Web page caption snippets
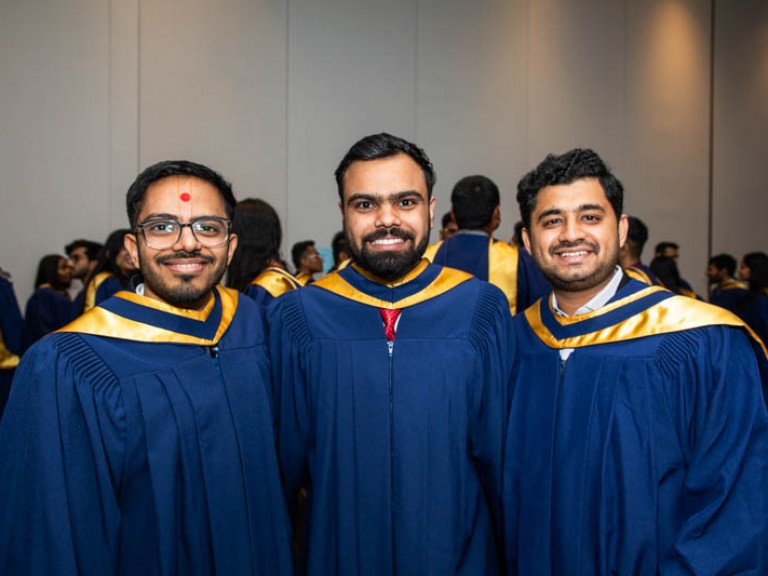 Three graduates pose for camera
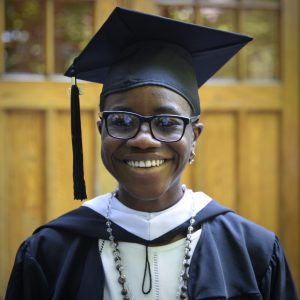A woman wearing glasses and a black graduation cap smiles at the camera.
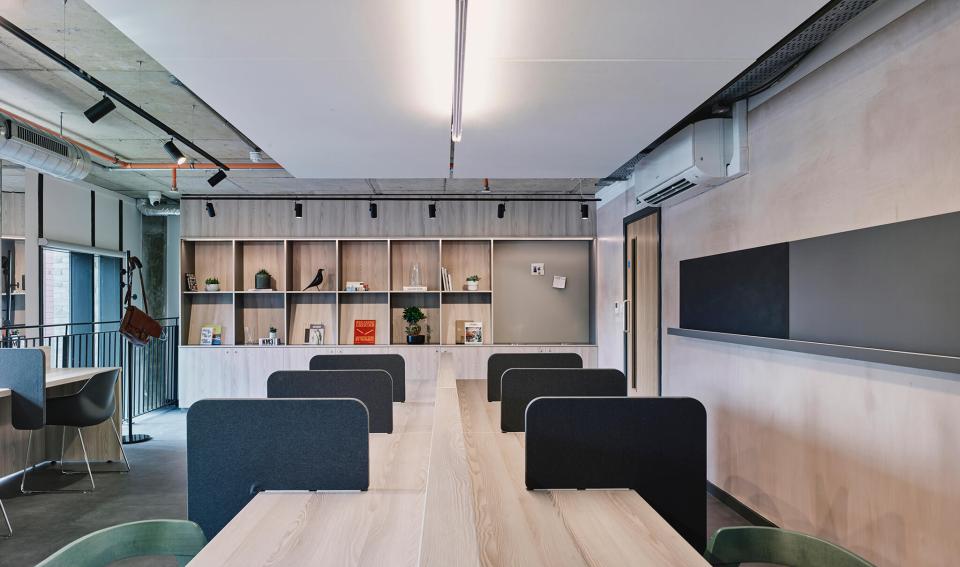 Modern study area at The Tannery in Leicester, featuring communal tables and stylish wooden shelving.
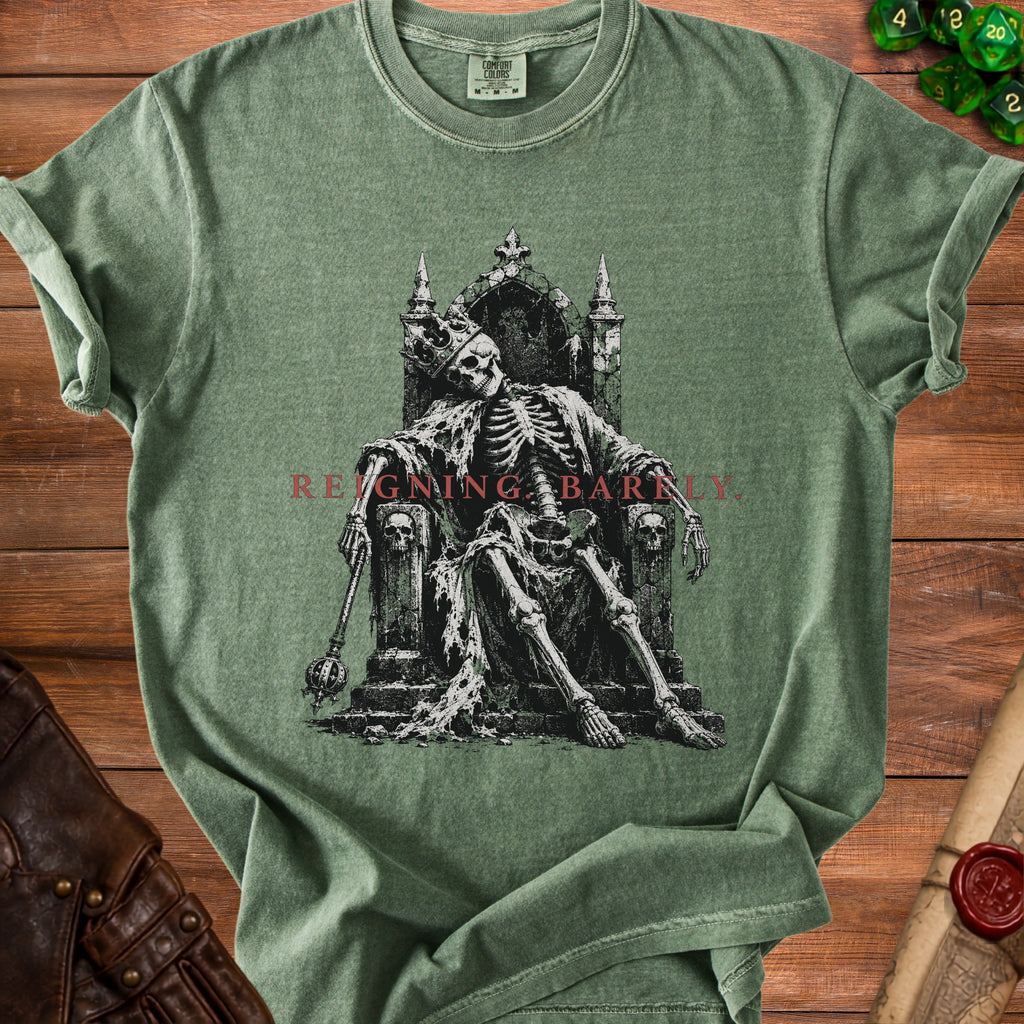 Green t-shirt with a skeleton king graphic and text "REIGNING BARNILY".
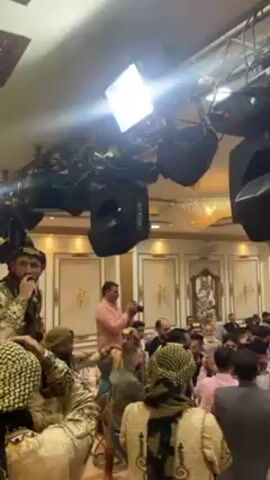 A festive atmosphere unfolds in what appears to be a banquet hall filled with a large crowd. The room is well-lit with overhead lighting fixtures and a chandelier, and the walls are decorated with ornate gold trim. People are gathered and moving, many clapping and dancing to the music, which includes singing into a microphone by someone wearing a traditional headdress. Several individuals in similar traditional attire are moving through the crowd. Someone is taking photos. Stage lighting is mounted on a truss system suspended from the ceiling.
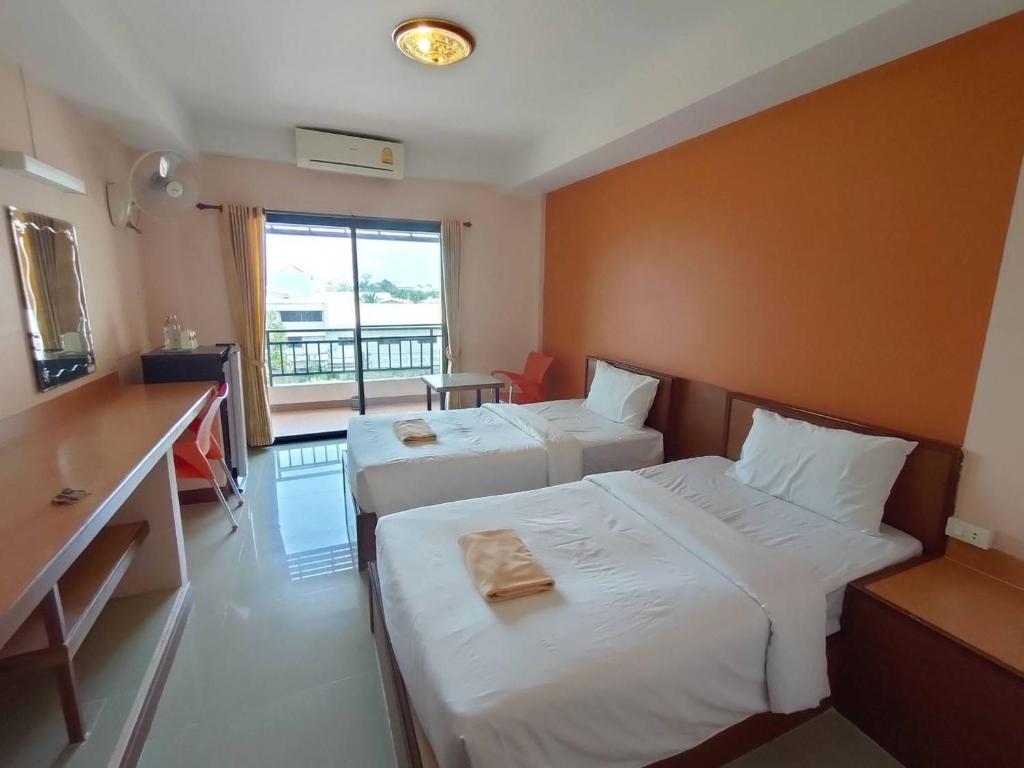 een hotelkamer met 2 bedden en een bureau bij ธรดา in Ban Pa Kluai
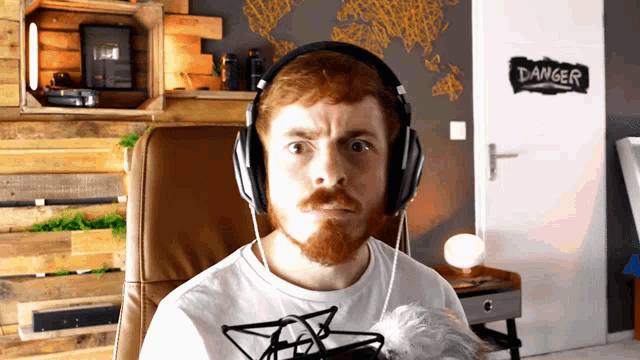 a man wearing headphones is sitting in front of a door that says danger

WORK INSTRUCTION -
Reproduce the data word for word without its images.

YOUR RESPONSE -
 Three graduates pose for camera
A woman wearing glasses and a black graduation cap smiles at the camera.
 Modern study area at The Tannery in Leicester, featuring communal tables and stylish wooden shelving.
 Green t-shirt with a skeleton king graphic and text "REIGNING BARNILY".
 A festive atmosphere unfolds in what appears to be a banquet hall filled with a large crowd. The room is well-lit with overhead lighting fixtures and a chandelier, and the walls are decorated with ornate gold trim. People are gathered and moving, many clapping and dancing to the music, which includes singing into a microphone by someone wearing a traditional headdress. Several individuals in similar traditional attire are moving through the crowd. Someone is taking photos. Stage lighting is mounted on a truss system suspended from the ceiling.
 een hotelkamer met 2 bedden en een bureau bij ธรดา in Ban Pa Kluai
 a man wearing headphones is sitting in front of a door that says danger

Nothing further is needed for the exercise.